To avoid binning, we can also perform a two-sample Kolmogorov-Smirnov test, available in SciPy only:

In [None]:
stats.ks_2samp(parents_age, others_age)

# Multiway ANOVA

## Q

Explain variations in heart rate using age and sex as factors (beware: there is a trap!)

## A

In [None]:
pg.anova(data=df, dv='HeartRate', between=['BinnedAge', 'Sex'])

## Q

We find a significant interaction while the effect of age fails to come up as significant by a short margin. Let us first draw an interaction plot.

## A

In [None]:
pg.plot_paired(df, 'HeartRate', 'Sex', 'BinnedAge');

In [None]:
pg.plot_paired(df, 'HeartRate', 'BinnedAge', 'Sex');

## Q

For the purpose of performing multiple comparisons and some *p*-value correction, let us conduct separate $t$-tests for each age interval and organise the results into a dataframe.
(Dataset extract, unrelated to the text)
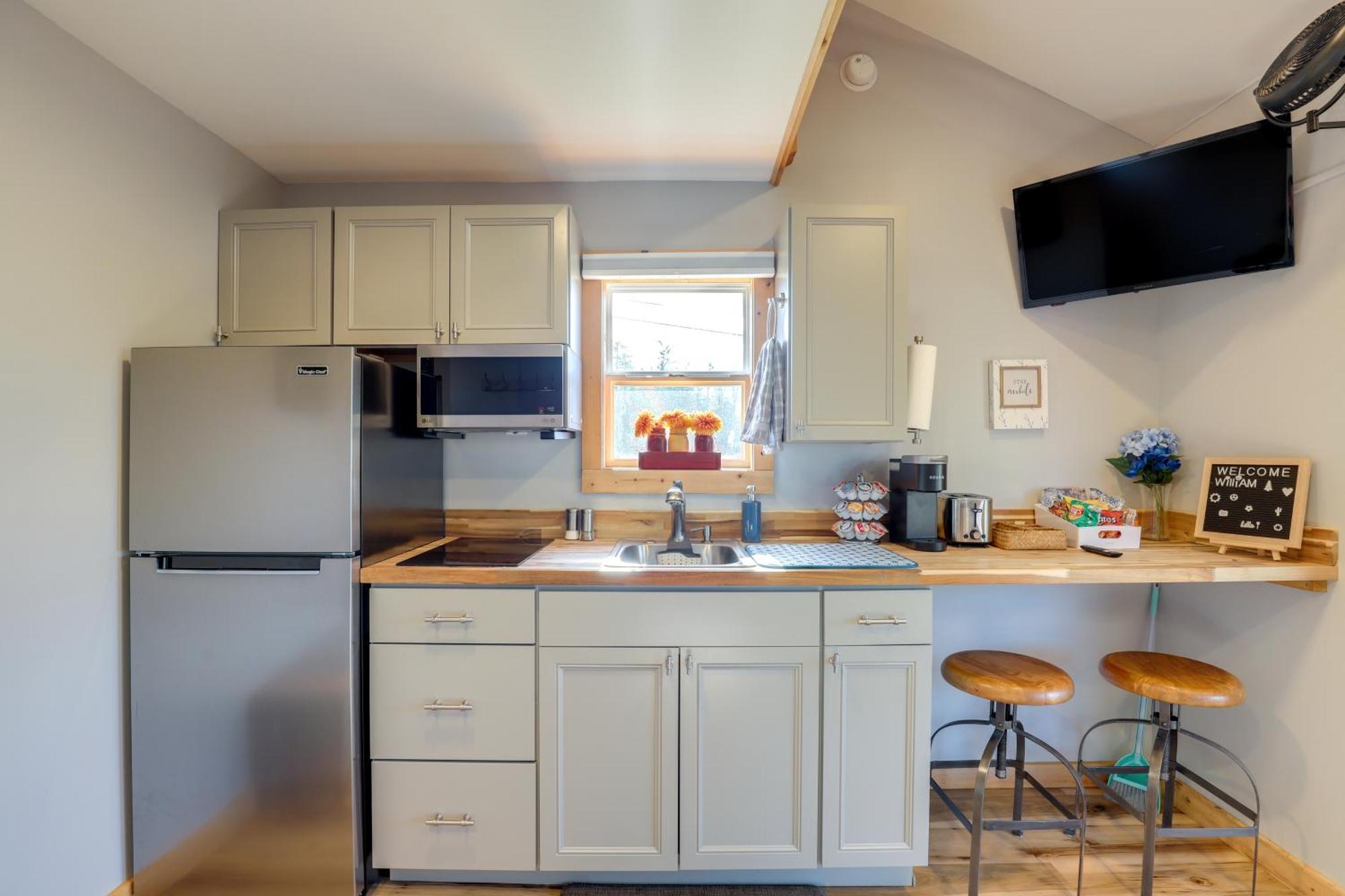 Marshall Studio With Loft, Hot Tub And Views! Extérieur photo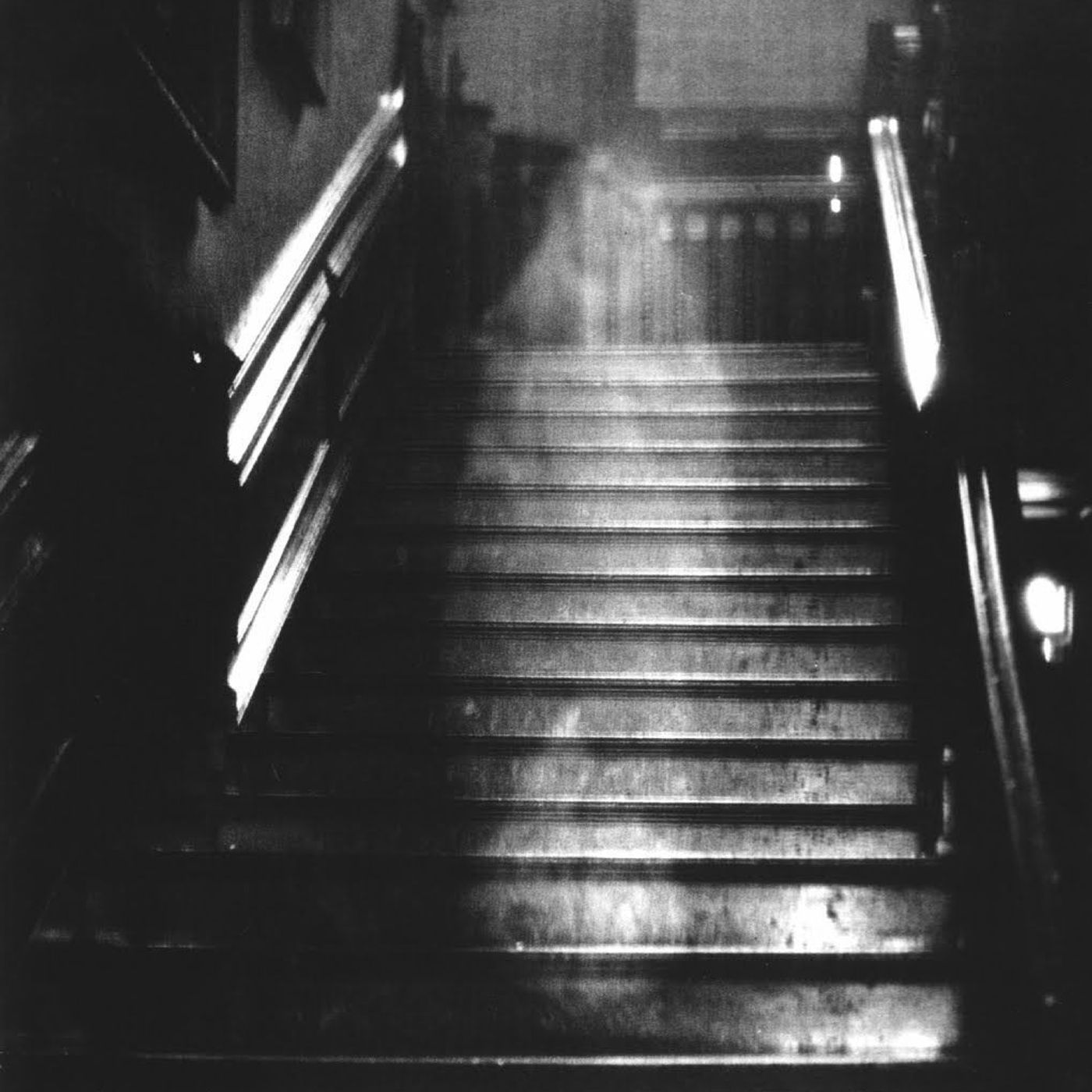 S1 Ep27: The Brown Lady of Raynham Hall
If comfortable enough with Python, define a "Pingouin-like" function `stratified_ttests` that takes a dataframe `data`, a dependent variable name `dv`, a between factor name `between` and a stratum factor `strata`.

## A

In [None]:
def stratified_ttests(data, dv, between, strata):
    # convert `strata` into a dictionary with the levels as keys and the corresponding rows as values
    strata = data.groupby(strata).groups
    # list the levels of the between factor, so that we input the groups in `ttest` in a consistent order
    levels = data[between].unique()
    # the present function only supports binary between factors, because we call `ttest`
    assert len(levels) == 2
    level1, level2 = levels
    # loop over the different strata
    results = []
    for stratum, rows in strata.items():
        # pick the corresponding rows of data
        stratum_data = data.loc[rows]
        # make the two groups
        group1 = stratum_data.loc[stratum_data[between]==level1, dv]
        group2 = stratum_data.loc[stratum_data[between]==level2, dv]
        # perform the test
        result = pg.ttest(group1, group2)
        # `result` is a single-row dataframe; set the index label so that we can concatenate the rows afterwards
        result.index = [stratum]
        results.append(result)
    # concatenate the rows and return the resulting dataframe
    return pd.concat(results)

In [None]:
results = stratified_ttests(df, 'HeartRate', 'Sex', 'BinnedAge')
results

Simpler but not-reusable implementation:

In [None]:
results = []
for stratum in ('20-30', '30-40', '40-50', '50-60', '60-70'):
    stratum_data = df[df['BinnedAge']==stratum]
    group1 = stratum_data.loc[stratum_data['Sex']=='Female', 'HeartRate']
    group2 = stratum_data.loc[stratum_data['Sex']=='Male', 'HeartRate']
    result = pg.ttest(group1, group2)
    result.index = [stratum]
    results.append(result)
results = pd.concat(results)
results

## Q

Correct the *p*-values, for example using the Holm procedure.

## A

In [None]:
significance, corrected_pvalues = pg.multicomp(results['p-val'], method='holm')
results['corrected p-val'], results['significance'] = corrected_pvalues, significance
results